Texte intégral
RÉPUBLIQUE FRANÇAISE
AU NOM DU PEUPLE FRANÇAIS
COUR D'APPEL DE PARIS
Pôle 6 - Chambre 3
ARRÊT DU 29 juin 2022
(n° , pages)
Numéro d'inscription au répertoire général : S N° RG 19/06878 - N° Portalis 35L7-V-B7D-CAERL
Décision déférée à la Cour : jugement rendu le 26 Mars 2019 par le Conseil de Prud'hommes - Formation paritaire d'EVRY COURCOURONNES Section encadrement RG n° 18/00044
APPELANT
Monsieur [B] [H]
[Adresse 5]
[Localité 11]
né le 04 Juin 1965 à [Localité 15]
représenté par Me Matthieu BOCCON GIBOD, avocat au barreau de PARIS, toque : C2477
plaidant par la SCP Binisti - B Bouquet - C Lassanelle , avocat au barreau de MARSEILLE substitué par Me Diane Faragau, avocat au barreau de PARIS
INTIMEES
SASU SERARE
[Adresse 1]
[Localité 10]
N° SIRET : 305 83 6 0 33
représentée par Me Stéphane LAUBEUF, avocat au barreau de PARIS, toque : P0083
S.C.P. BTSG²
prise en la personne de Maître [V] [K] es qualité de mandataire liquidateur de la Société SERARE
[Adresse 3]
[Localité 12]
représentée par Me Hubert MARTIN DE FREMONT, avocat au barreau de PARIS, toque : P0411 substitué par Me Carine COOPER, avocat au barreau de PARIS
S.E.L.A.R.L. MJC2A
prise en la personne de Maître [S] [E] es qualité de mandataire liquidateur de la Société SERARE
[Adresse 8]
[Localité 9]
représentée par Me Hubert MARTIN DE FREMONT, avocat au barreau de PARIS, toque : P0411, substitué par Me Carine COOPER, avocat au barreau de PARIS
Me [Y] [O]
(SELARL FHB) - Administrateur judiciaire de SASU SERARE
[Adresse 4]
[Localité 14]
non représentée
Me [W] [L] (SCP [W] & ROUSSELET)
Administrateur judiciaire de la SASU SERARE
[Adresse 6]
[Localité 7]
non représenté
PARTIE INTERVENANTE :
Association AGS CGEA IDF OUEST
[Adresse 2]
[Localité 13]
représenté par Me Florence ROBERT DU GARDIER, avocat au barreau de PARIS, toque : P0061
COMPOSITION DE LA COUR :
En application des dispositions de l'article 945-1 du code de procédure civile, l'affaire a été débattue le 25 Mai 2022, en audience publique, les parties ne s'y étant pas opposées, devant Madame Roselyne NEMOZ-BENILAN, Magistrat Honoraire exerçant des fonctions juridictionnelles, chargée du rapport.
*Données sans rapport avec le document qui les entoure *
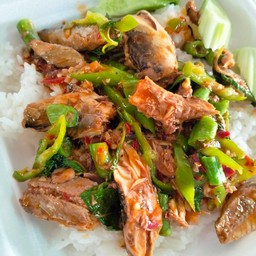 กะเพราปลากระป๋อง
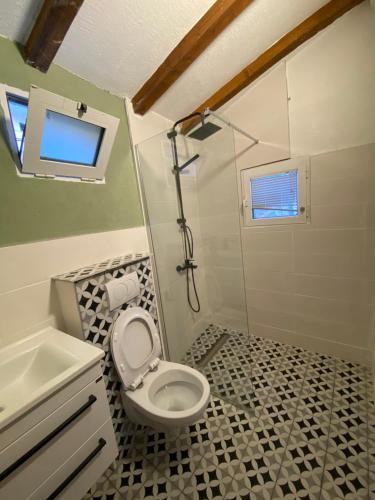 Ένα μπάνιο στο Apartman Lepetane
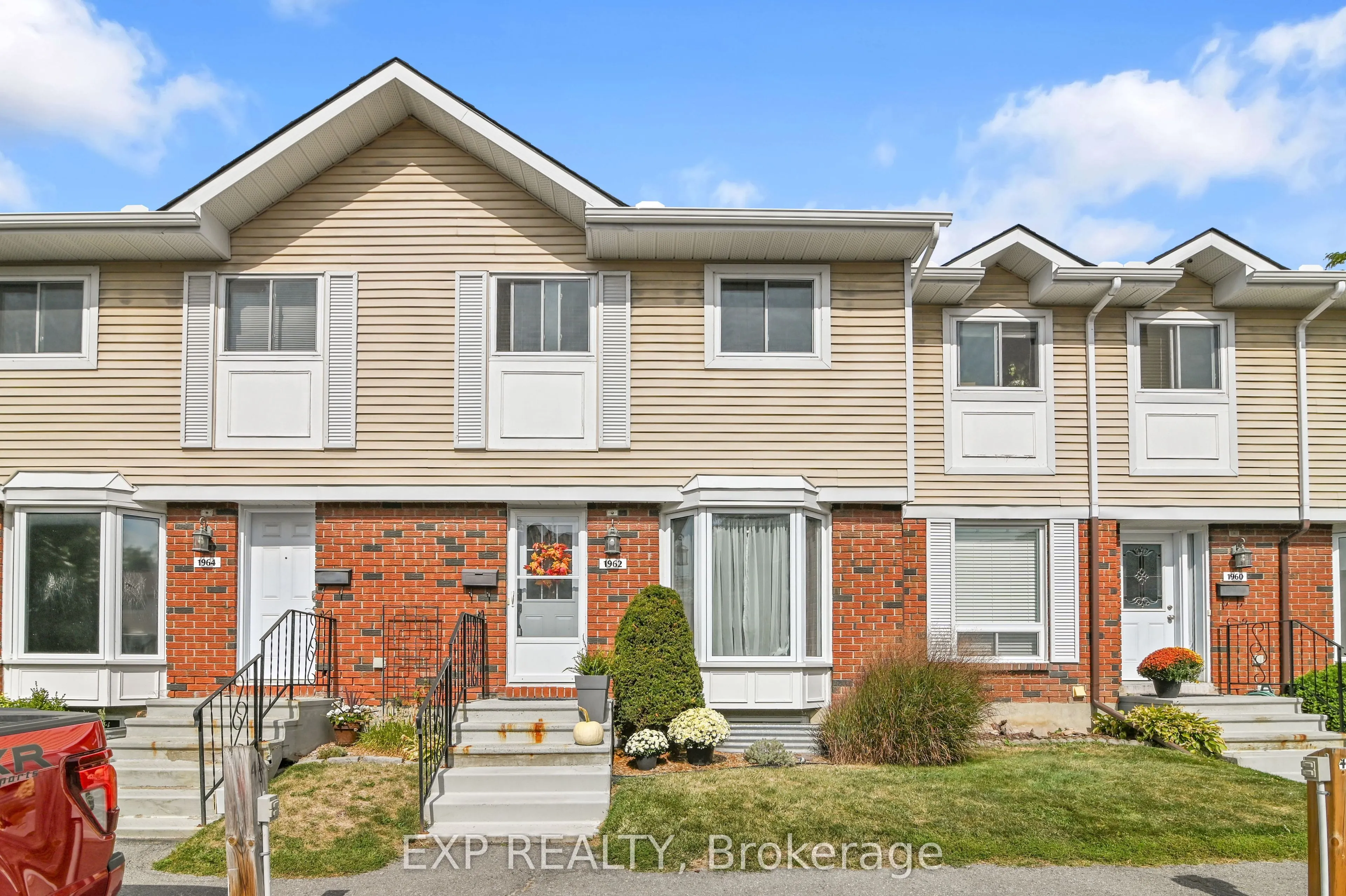 1962 Greenvale Lane, #44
Ce magistrat a rendu compte des plaidoiries dans le délibéré de la Cour, composée de :
Madame Fabienne ROUGE, présidente de chambre
Mme Roselyne NEMOZ BENILAN, Magistrat Honoraire
Mme Anne MENARD, Présidente de chambre
Greffier : Mme Juliette JARRY, lors des débats
ARRET :
- réputé contradictoire
- par mise à disposition au greffe de la cour, les parties en ayant été préalablement avisées dans les conditions prévues au deuxième alinéa de l'article 450 du code de procédure civile.
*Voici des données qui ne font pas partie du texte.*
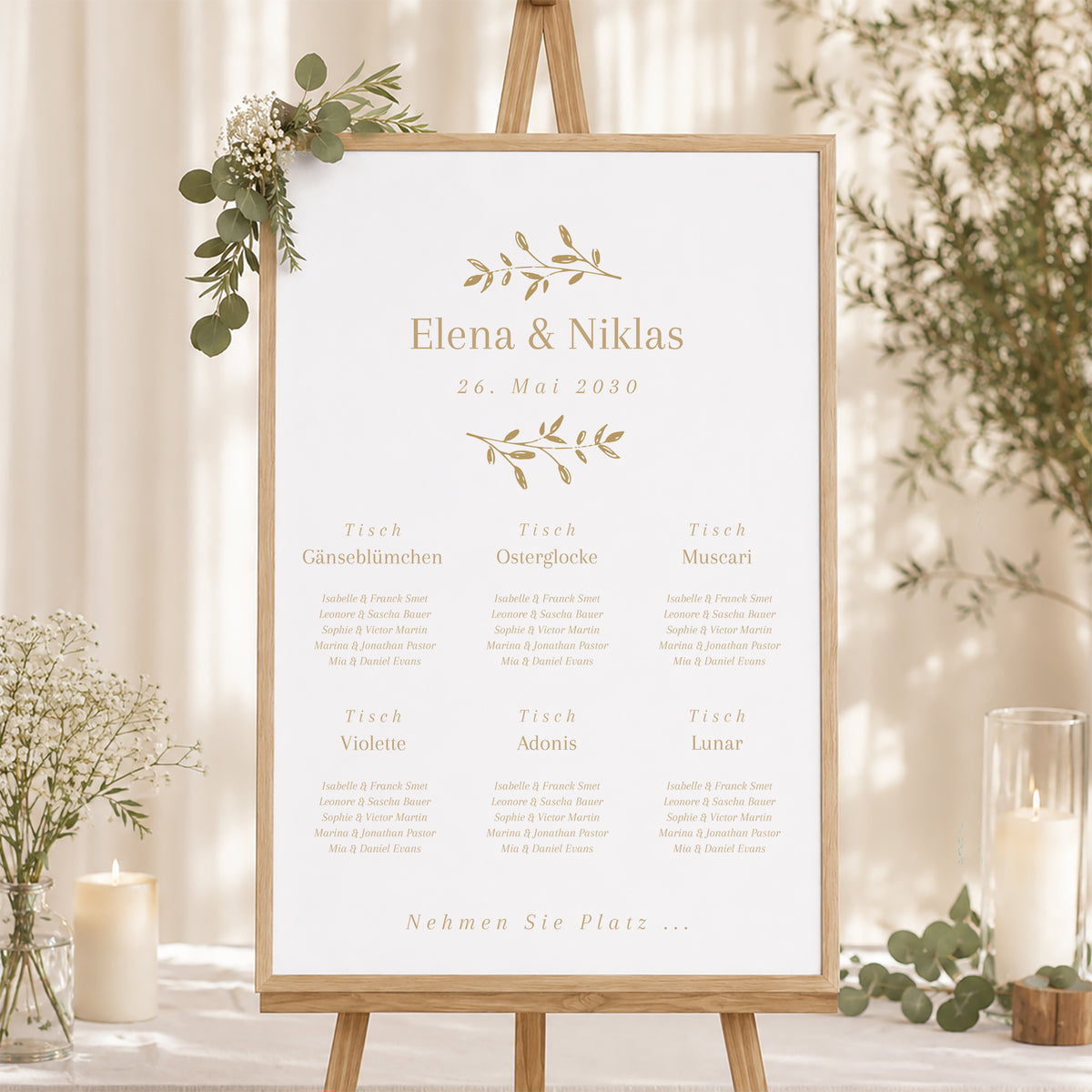 Sitzplan Hochzeit Porträt goldener Blumenkranz foto N° 1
- Signé par Madame Fabienne ROUGE, présidente de chambre et par Juliette JARRY, Greffière à laquelle la minute de la décision a été remise par le magistrat signataire.
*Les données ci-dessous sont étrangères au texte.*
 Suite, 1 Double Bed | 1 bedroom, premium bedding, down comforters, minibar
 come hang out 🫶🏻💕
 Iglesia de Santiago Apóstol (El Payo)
Monsieur [B] [H] a été embauché par la société SERARE (enseigne Courtepaille) en qualité de stagiaire le 13 mars 2006. Suite à l'obtention de son diplôme, il a été embauché en contrat à durée indéterminée le 1er octobre 2006 en qualité de directeur du développement durable et de l'entretien du patrimoine. La durée du travail était fixée en forfait jours.
Le 27 juillet 2017, Monsieur [H] a été convoqué à un entretien préalable à un éventuel licenciement qui s'est tenu le 7 août.
Le 30 août 2017, une mise à pied conservatoire lui a été notifiée.
Il a été licencié pour faute grave par lettre du 4 septembre ainsi motivée : « Vous occupez en dernier lieu au sein de notre société les fonctions de Directeur de la construction, du développement franchise et du développement durable, statut cadre dirigeant, faisant partie du comité de direction.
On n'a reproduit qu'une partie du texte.